He's 81 years old, and his designated successor is in his mid-70s. Communism is coming to an end in Cuba. It's just a matter of when, not if. So why is Fidel Castro so adamant about not sending a Cuban boxing team to Chicago for the World Championships? One word: Control.
Ever since he seized power from the Batista government in 1959, Castro has been a symbol of iron rule, as much if not more so than his communist predecessors in the east, Stalin and Tito. This iron fist has extended even into the past decade with the highly publicized Elian Gonzalez case a few years ago (what father in his right mind chooses to return to Cuba once he comes here?) to the most recent affair concerning two boxers who left the Cuban delegation in Brazil.
Castro claims that outside forces are poisoning the minds of his people and enticing them to do evil things such as think on their own and make a decent living.
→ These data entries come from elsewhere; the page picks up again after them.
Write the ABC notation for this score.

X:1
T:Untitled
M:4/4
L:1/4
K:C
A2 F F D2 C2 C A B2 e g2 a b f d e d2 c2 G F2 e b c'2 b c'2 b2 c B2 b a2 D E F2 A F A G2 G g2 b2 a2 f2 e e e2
Never once does he even acknowledge that 99% of Cuban citizens would probably like nothing more than to put a bullet in him. I"m sure they can find a priest to absolve them, pronto. What is scary is that he extends the net to cover teachers, doctors, and other important fields where people could actually make decent money if they lived anywhere but Cuba.
And now two boxers, and possibly countless others, will never get a chance to do what they love in a free society because one man thinks he can stand in the way.
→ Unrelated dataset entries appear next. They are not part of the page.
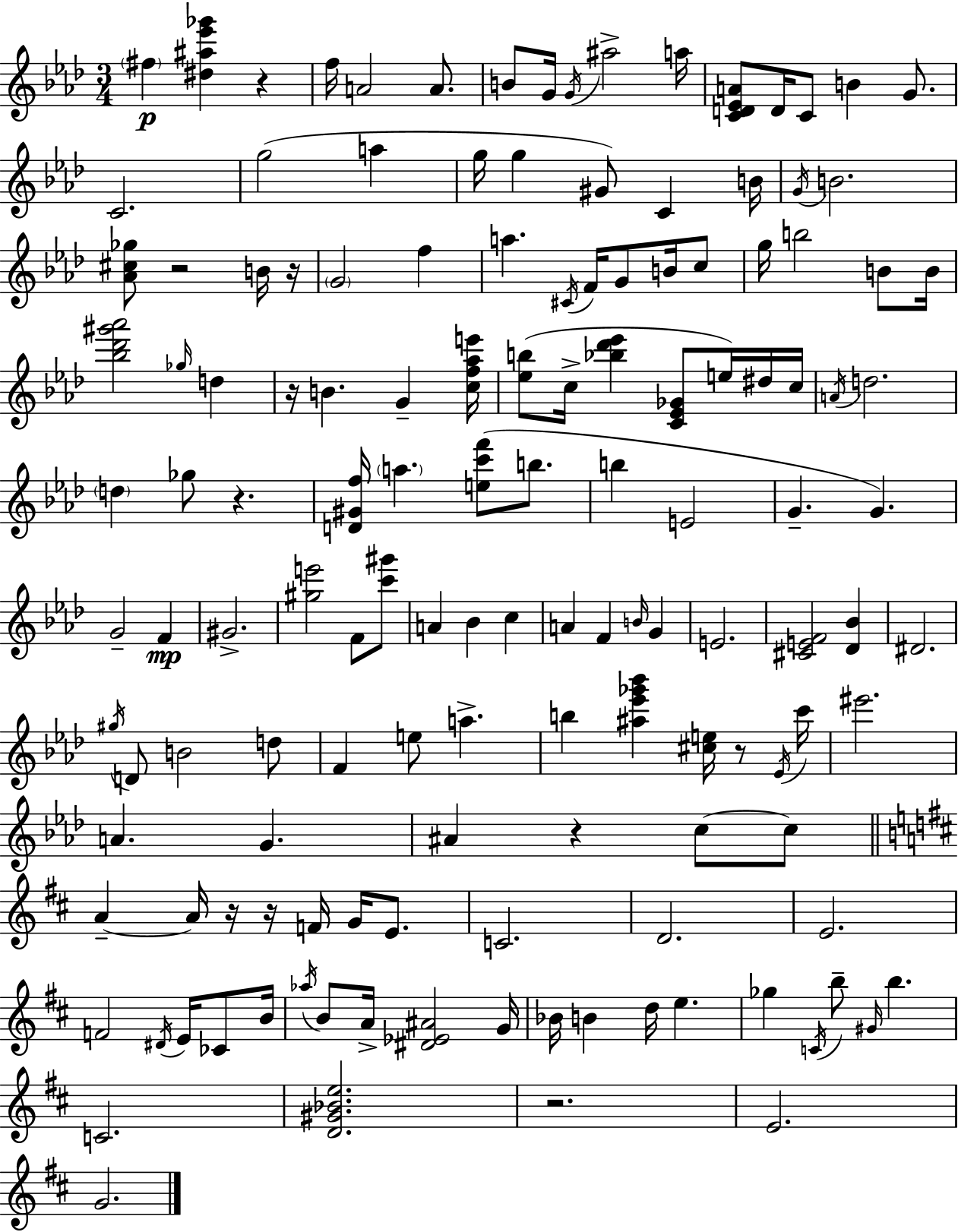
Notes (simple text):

F#5/q [D#5,A#5,Eb6,Gb6]/q R/q F5/s A4/h A4/e. B4/e G4/s G4/s A#5/h A5/s [C4,D4,Eb4,A4]/e D4/s C4/e B4/q G4/e. C4/h. G5/h A5/q G5/s G5/q G#4/e C4/q B4/s G4/s B4/h. [Ab4,C#5,Gb5]/e R/h B4/s R/s G4/h F5/q A5/q. C#4/s F4/s G4/e B4/s C5/e G5/s B5/h B4/e B4/s [Bb5,Db6,G#6,Ab6]/h Gb5/s D5/q R/s B4/q. G4/q [C5,F5,Ab5,E6]/s [Eb5,B5]/e C5/s [Bb5,Db6,Eb6]/q [C4,Eb4,Gb4]/e E5/s D#5/s C5/s A4/s D5/h. D5/q Gb5/e R/q. [D4,G#4,F5]/s A5/q. [E5,C6,F6]/e B5/e. B5/q E4/h G4/q. G4/q. G4/h F4/q G#4/h. [G#5,E6]/h F4/e [C6,G#6]/e A4/q Bb4/q C5/q A4/q F4/q B4/s G4/q E4/h. [C#4,E4,F4]/h [Db4,Bb4]/q D#4/h. G#5/s D4/e B4/h D5/e F4/q E5/e A5/q. B5/q [A#5,Eb6,Gb6,Bb6]/q [C#5,E5]/s R/e Eb4/s C6/s EIS6/h. A4/q. G4/q. A#4/q R/q C5/e C5/e A4/q A4/s R/s R/s F4/s G4/s E4/e. C4/h. D4/h. E4/h. F4/h D#4/s E4/s CES4/e B4/s Ab5/s B4/e A4/s [D#4,Eb4,A#4]/h G4/s Bb4/s B4/q D5/s E5/q. Gb5/q C4/s B5/e G#4/s B5/q. C4/h. [D4,G#4,Bb4,E5]/h. R/h. E4/h. G4/h.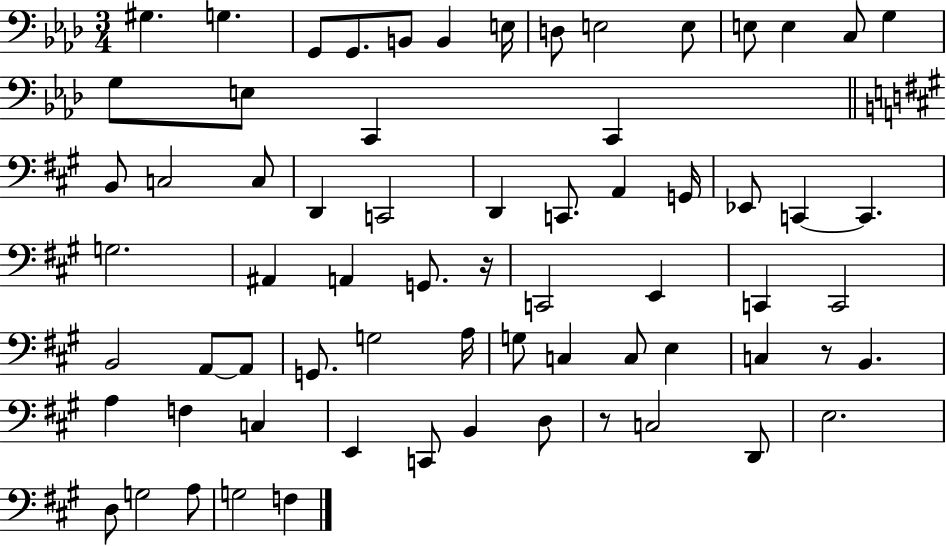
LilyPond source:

{
  \clef bass
  \numericTimeSignature
  \time 3/4
  \key aes \major
  \repeat volta 2 { gis4. g4. | g,8 g,8. b,8 b,4 e16 | d8 e2 e8 | e8 e4 c8 g4 | \break g8 e8 c,4 c,4 | \bar "||" \break \key a \major b,8 c2 c8 | d,4 c,2 | d,4 c,8. a,4 g,16 | ees,8 c,4~~ c,4. | \break g2. | ais,4 a,4 g,8. r16 | c,2 e,4 | c,4 c,2 | \break b,2 a,8~~ a,8 | g,8. g2 a16 | g8 c4 c8 e4 | c4 r8 b,4. | \break a4 f4 c4 | e,4 c,8 b,4 d8 | r8 c2 d,8 | e2. | \break d8 g2 a8 | g2 f4 | } \bar "|."
}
I know there's not a lot of sports in this column, but this is something that can ultimately affect the overall talent level at a time when the sweet science is suffering from brainless exercises in brutality like UFC and MMA. Wow, what skill it takes to beat the crap out of each other.
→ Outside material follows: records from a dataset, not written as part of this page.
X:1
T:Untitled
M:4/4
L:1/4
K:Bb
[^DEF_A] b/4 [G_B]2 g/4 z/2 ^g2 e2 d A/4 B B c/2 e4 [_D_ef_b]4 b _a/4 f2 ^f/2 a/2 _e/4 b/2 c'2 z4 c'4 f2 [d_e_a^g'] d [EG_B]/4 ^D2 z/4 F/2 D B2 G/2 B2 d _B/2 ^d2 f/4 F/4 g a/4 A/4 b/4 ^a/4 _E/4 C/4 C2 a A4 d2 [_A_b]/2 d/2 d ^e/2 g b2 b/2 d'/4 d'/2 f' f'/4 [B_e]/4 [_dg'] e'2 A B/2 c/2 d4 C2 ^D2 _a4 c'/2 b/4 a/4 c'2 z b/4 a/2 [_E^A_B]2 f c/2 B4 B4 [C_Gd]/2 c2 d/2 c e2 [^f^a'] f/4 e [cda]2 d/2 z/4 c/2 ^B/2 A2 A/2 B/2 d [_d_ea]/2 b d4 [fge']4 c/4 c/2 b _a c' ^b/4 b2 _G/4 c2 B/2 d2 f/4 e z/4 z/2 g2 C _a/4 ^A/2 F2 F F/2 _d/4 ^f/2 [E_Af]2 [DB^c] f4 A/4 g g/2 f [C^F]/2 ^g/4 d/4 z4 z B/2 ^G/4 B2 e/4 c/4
I don't say this about many people, but Castro just needs to go on and die. Quietly. And his brother with him. And if he won't go quickly, send someone to make it happen. I'm serious. Don't let it be Bay of Pigs II, get it right this time. He says this is about the United States stealing from Cuba. The only thing we want from that insignificant little **** of an island (it is kinda ****-shaped if you look at it right) is the head of its dictator on a silver platter...with chips and salsa.